Work task:
Write out, character for character, the line containing "Ola Kristian Dahle" and all lines after it up to the end of the listing.

:::

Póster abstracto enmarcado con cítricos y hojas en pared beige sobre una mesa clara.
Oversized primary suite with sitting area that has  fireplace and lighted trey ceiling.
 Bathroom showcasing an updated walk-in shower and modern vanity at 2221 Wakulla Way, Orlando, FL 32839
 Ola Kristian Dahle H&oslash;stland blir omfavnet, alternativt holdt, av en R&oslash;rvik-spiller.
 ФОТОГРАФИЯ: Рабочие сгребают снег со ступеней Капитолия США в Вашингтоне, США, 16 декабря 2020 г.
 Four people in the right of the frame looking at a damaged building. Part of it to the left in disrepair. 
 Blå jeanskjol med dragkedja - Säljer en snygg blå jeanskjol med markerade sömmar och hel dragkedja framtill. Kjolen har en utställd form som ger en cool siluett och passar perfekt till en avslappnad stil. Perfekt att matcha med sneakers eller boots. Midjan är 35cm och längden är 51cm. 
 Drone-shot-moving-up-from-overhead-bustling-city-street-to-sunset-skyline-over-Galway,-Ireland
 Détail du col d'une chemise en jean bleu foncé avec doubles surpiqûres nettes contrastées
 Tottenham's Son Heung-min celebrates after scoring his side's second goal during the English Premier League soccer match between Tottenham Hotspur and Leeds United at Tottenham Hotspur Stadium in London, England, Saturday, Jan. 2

:::

Task output:
 Ola Kristian Dahle H&oslash;stland blir omfavnet, alternativt holdt, av en R&oslash;rvik-spiller.
 ФОТОГРАФИЯ: Рабочие сгребают снег со ступеней Капитолия США в Вашингтоне, США, 16 декабря 2020 г.
 Four people in the right of the frame looking at a damaged building. Part of it to the left in disrepair. 
 Blå jeanskjol med dragkedja - Säljer en snygg blå jeanskjol med markerade sömmar och hel dragkedja framtill. Kjolen har en utställd form som ger en cool siluett och passar perfekt till en avslappnad stil. Perfekt att matcha med sneakers eller boots. Midjan är 35cm och längden är 51cm. 
 Drone-shot-moving-up-from-overhead-bustling-city-street-to-sunset-skyline-over-Galway,-Ireland
 Détail du col d'une chemise en jean bleu foncé avec doubles surpiqûres nettes contrastées
 Tottenham's Son Heung-min celebrates after scoring his side's second goal during the English Premier League soccer match between Tottenham Hotspur and Leeds United at Tottenham Hotspur Stadium in London, England, Saturday, Jan. 2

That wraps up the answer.